I have a system that lives on the Bloch sphere, like this one, but with $\left|\uparrow\right>$ instead of $\left|0\right>$ and $\left|\downarrow\right>$ instead of $\left|1\right>$
Now, initially I am able to fully initialize something, say a spin, into 1 state, being $\left|0\right>$. Then, I rotate the state by pi/2 around the x-axis, and I wait a time t. In this time t, some more complex stuff happens. Depending on the state of a second spin, stuff will happen. This second spin can be in either of three states, $\left|-1\right>$, $\left|0\right>$ and $\left|1\right>$.
Now, during this time $t$, the state of the first spin will precess about the Bloch sphere depending on the state of the second spin. If the second spin is in state $\left|-1\right>$ the first state will rotate around the z-axis clock wise, if the second spin is in state $\left|0\right>$ the first spin will not change, and if the second spin is in state $\left|1\right>$ the first spin will rotate about the $z$-axis counterclockwise.
So, after this time $t$, I will rotate the first spin again, but this time by $\pi/2$ around the $y$-axis. This means that if I choose t such that it is exactly a quarter of the period in which the spin makes a full circle, the two spin states will be entangled. I can use this to establish what the second spin state is by reading out the first spin state:
If $\left|-1\right>$, then I will readout $\left|\uparrow\right>$ with $P=0$, if $\left|0\right>$, then I will readout $\left|\uparrow\right>$ with $P=0.5$, and if $\left|1\right>$, then I will readout $\left|\uparrow\right>$ with $P=1$.
I understand that this probably might be a little confusing, which is of course also the primary reason why I would just want to write this in nice, clean bra-ket notation. If there's anything in particular that's not clear, please let me know. And if someone could help me get started (possibly by pointing me to a similar example) I'd be very grateful.

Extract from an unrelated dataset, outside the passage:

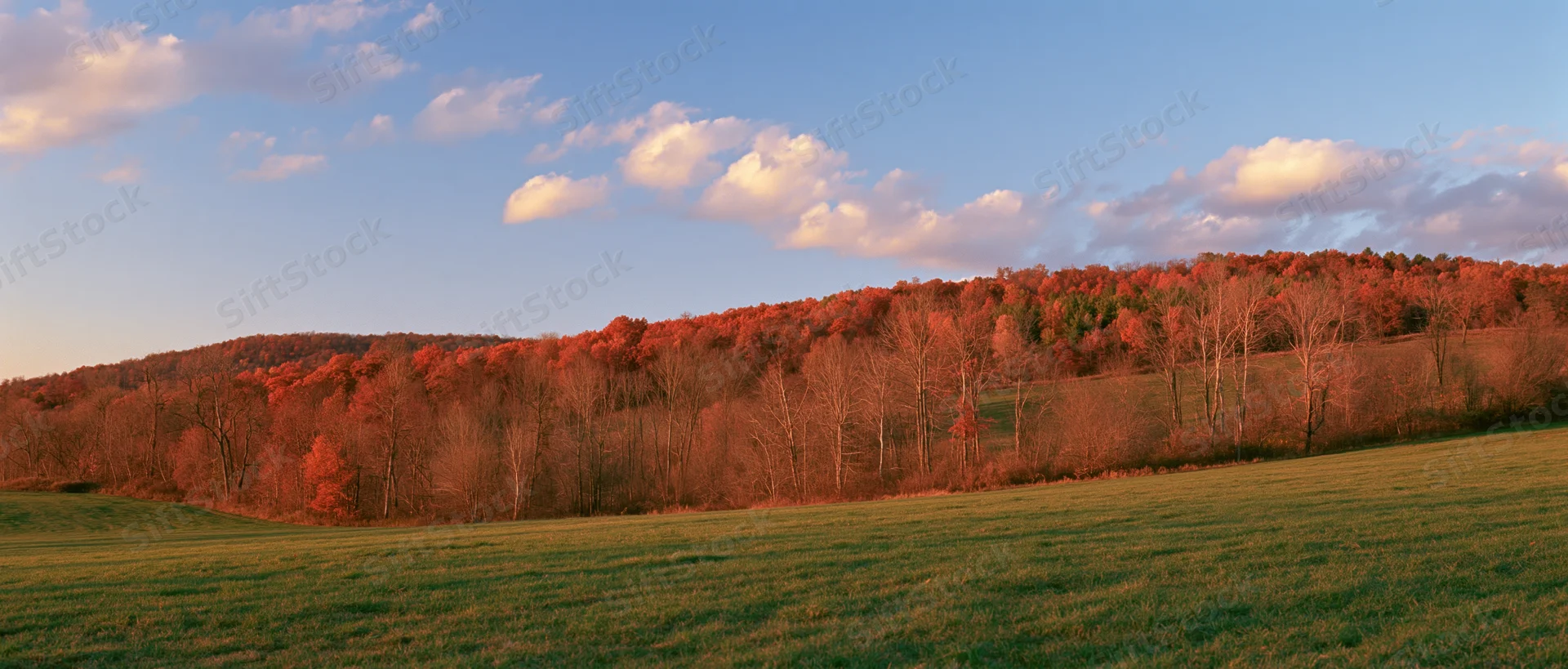 Open green field in foreground leading to autumn-colored trees on a hill under a partly cloudy sky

Edit: Alright, I've done a little bit of reading on what I could find, and this is how far I get now
Initially: $\left|\psi\right>$ = $\left|\psi_1\right> \otimes \left|\psi_2\right> = \left|\uparrow\right> \otimes \frac{1}{\sqrt{3}}\left( \left|-1\right> + \left|0\right>+ \left|1\right> \right)$
Rotate first spin by $\pi /2$ around x-axis
$\left|\psi\right>$ = $R_x (\frac{\pi}{2}) \left|\psi_1\right> \otimes \left|\psi_2\right> = \frac{1}{\sqrt{2}} \left( \left|\uparrow\right> -i \left|\downarrow\right> \right) \otimes \frac{1}{\sqrt{3}}\left( \left|-1\right> + \left|0\right>+ \left|1\right> \right)$
But here I get stuck again, as it is here that the rotation conditional on the second spin has to happen, and that I don't know how to do.